Bombeiros trabalham no local onde dois prédios desabaram na comunidade da Muzema, no bairro de Itanhangá, zona oeste do Rio de Janeiro.  - Reprodução/Twitter/OperacoesRio
Bombeiros trabalham no local onde dois prédios desabaram na comunidade da Muzema, no bairro de Itanhangá, zona oeste do Rio de Janeiro.
Imagem: Reprodução/Twitter/OperacoesRio

Flávio Costa

Do UOL, em São Paulo

12/04/2019 12h34Atualizada em 12/04/2019 18h55

"Escuta, fala com o velho aí que o quarto andar tá fechado, daquele jeito que ele falou, que ele aprovou. Sessenta parcelas de quatro mil [reais], valor final 150 mil. (sic)".

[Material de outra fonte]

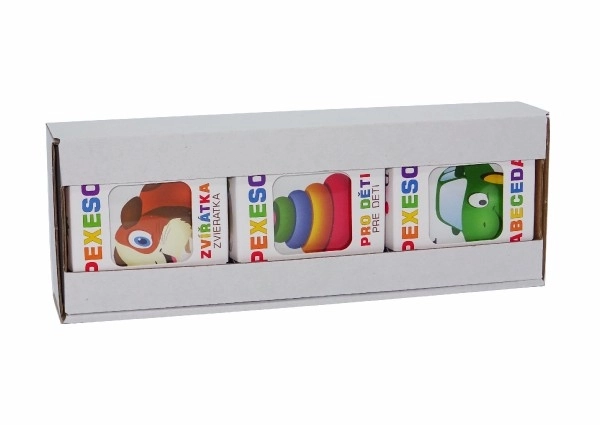 Pexeso Alphabet, Tiere und Kinderspielzeug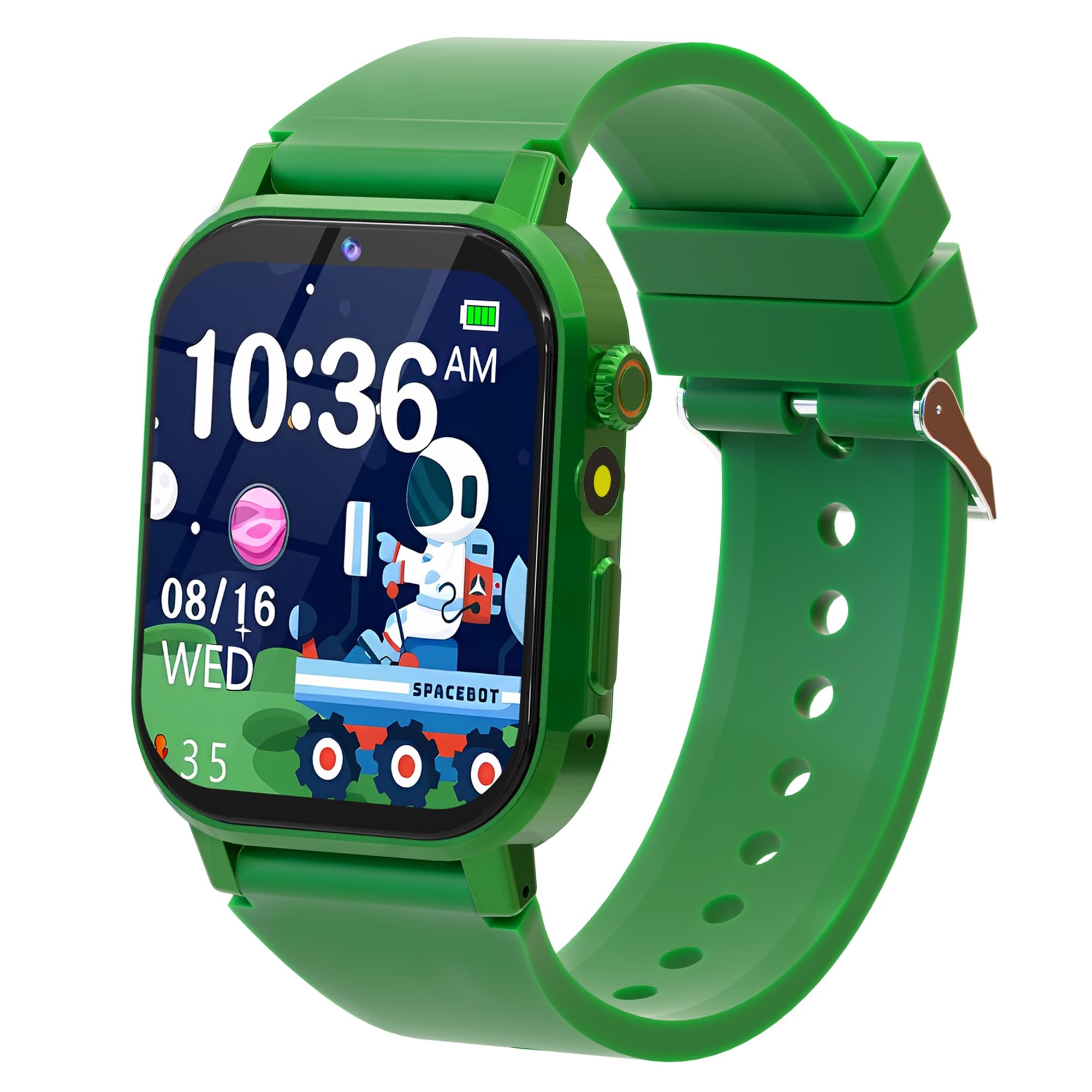 Kids Smart Watch Boys, Kids Game Smart Watch with 32 Games HD Touch Screen Video Camera Music Player Audiobooks Pedometer Flashlight Alarm Clock 12/24 hr, Toys Gift for 3-12 Years Old Boys Girls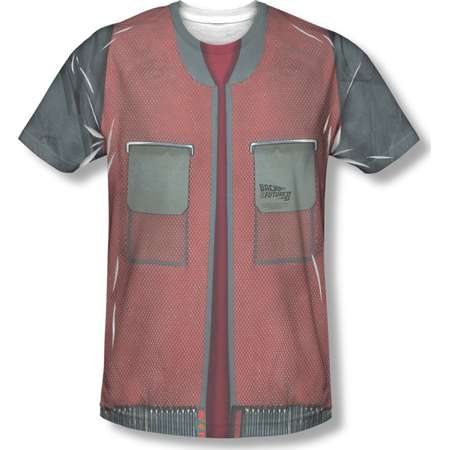 Back To The Future Men's Future Jacket Sublimation T-shirt White thumb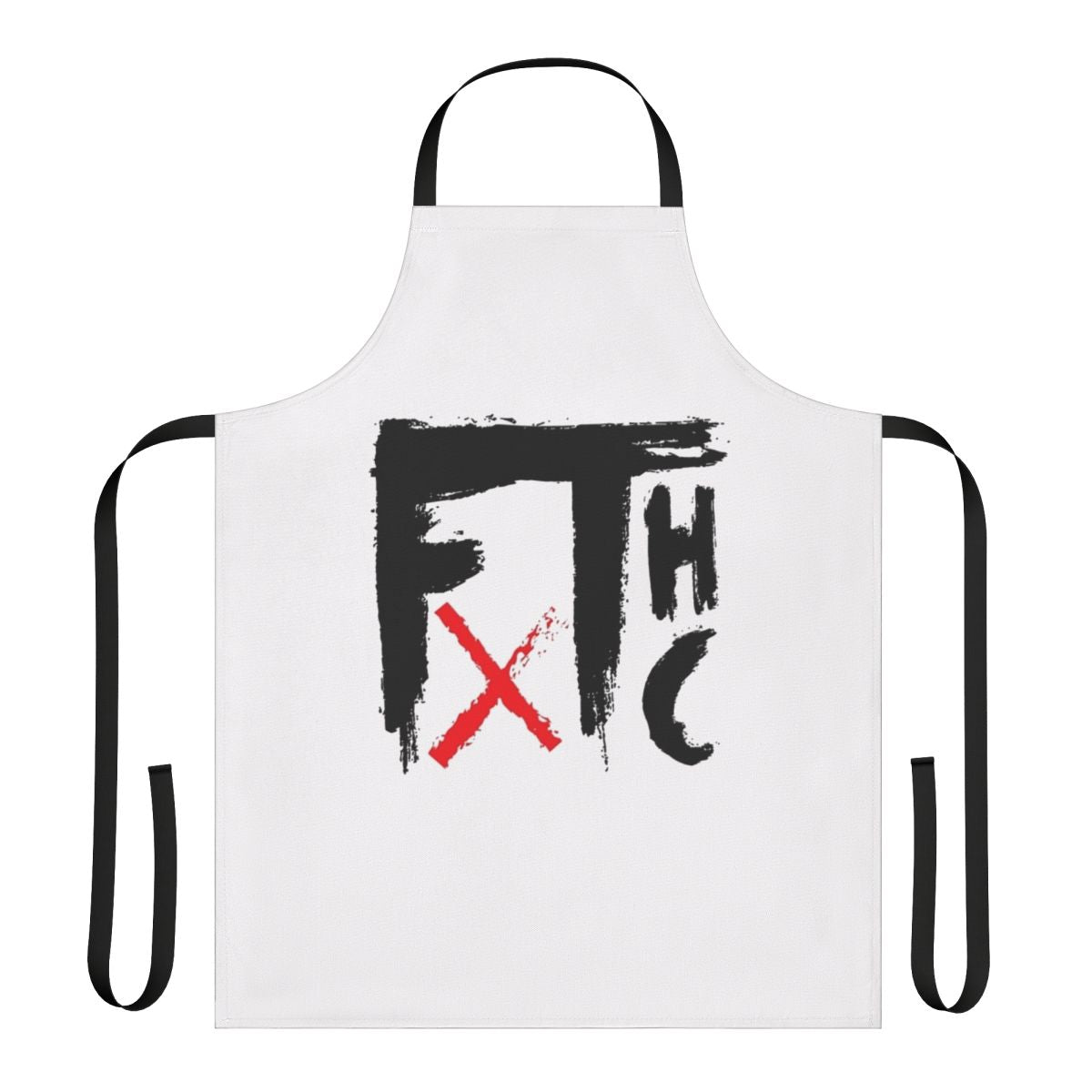Frank Turner-inspired FTHC merch apron with band logo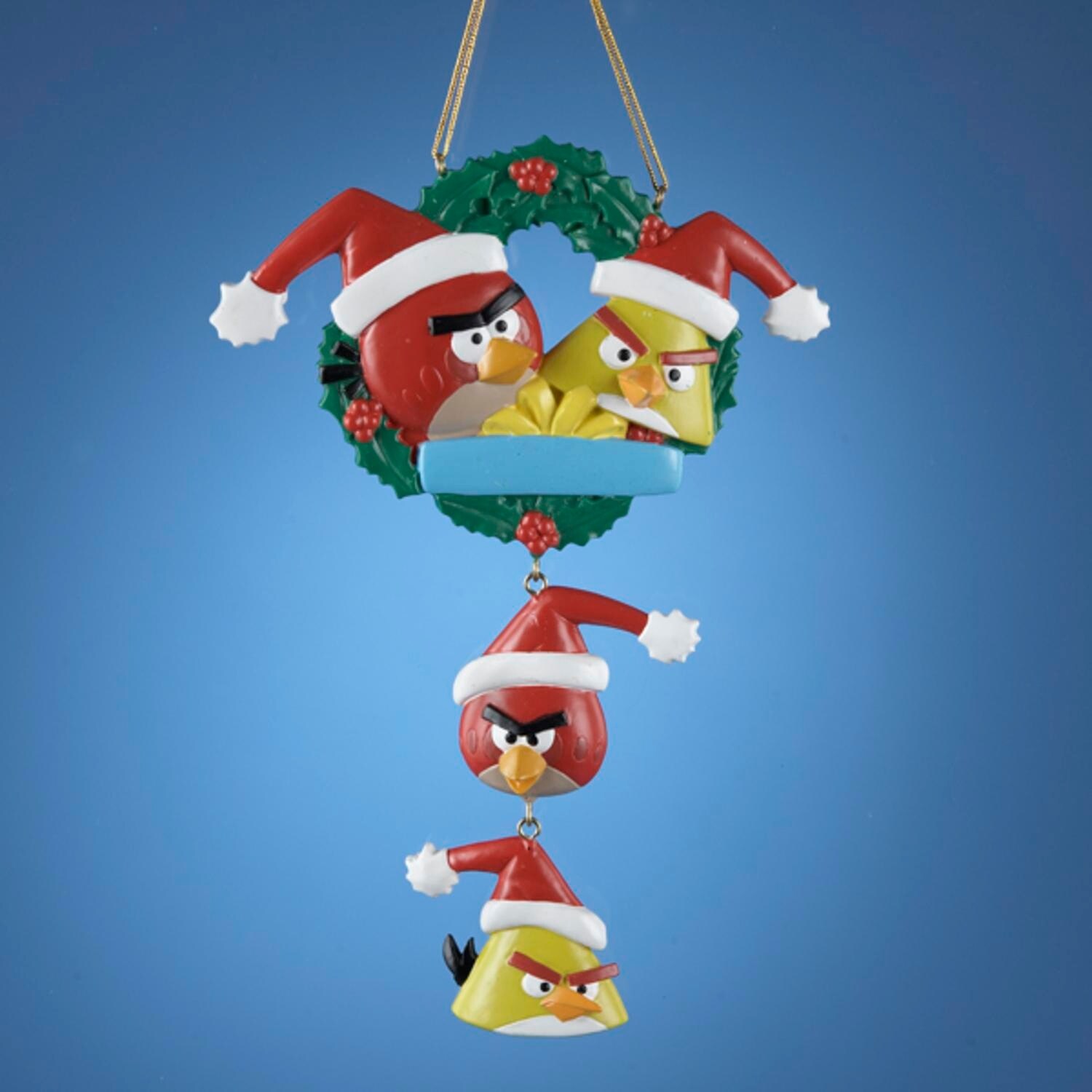 Shop Club Pack Of 12 Red And Yellow Angry Birds Family Of Four
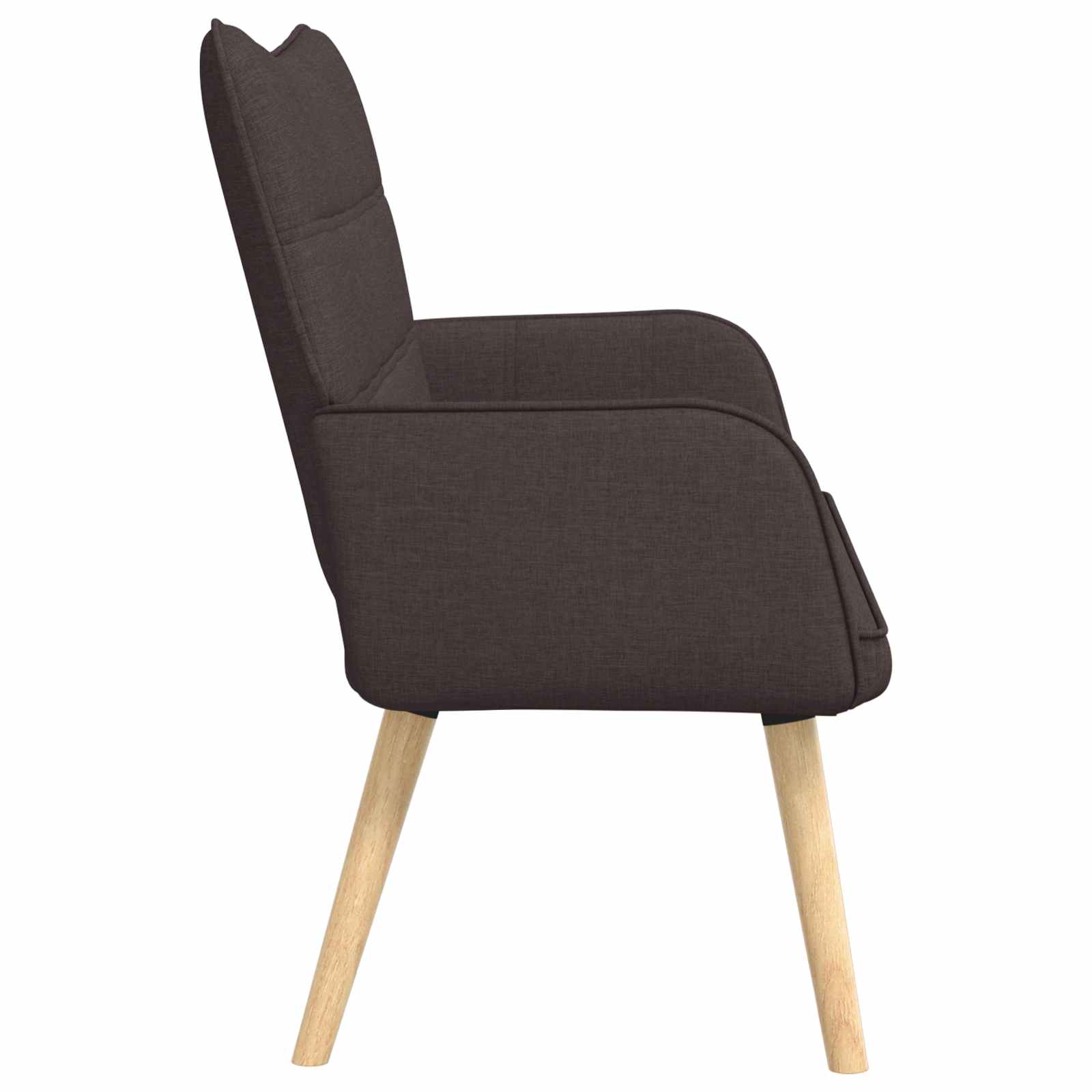 2-Sitzer Sofa Dunkelbraun 115 x 61 x 87 cm Stoff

A fala acima foi retirada de um diálogo entre integrantes da milícia conhecida como Escritório do Crime e refere-se à venda de um apartamento construído de maneira ilegal na comunidade da Muzema, na zona oeste do Rio, onde dois prédios desabaram hoje. O Corpo de Bombeiros confirmou a morte de duas pessoas, além de um número não conhecido de pessoas desaparecidas e feridas.

As informações constam na denúncia da Operação Os Intocáveis, deflagrada em janeiro pelo MP (Ministério Público). Para os promotores, líderes da milícia atuam como "sócios investidores", aplicando dinheiro obtido em atividades ilícitas nos empreendimentos imobiliários irregulares das comunidades de Muzema, Rio das Pedras e seus arredores.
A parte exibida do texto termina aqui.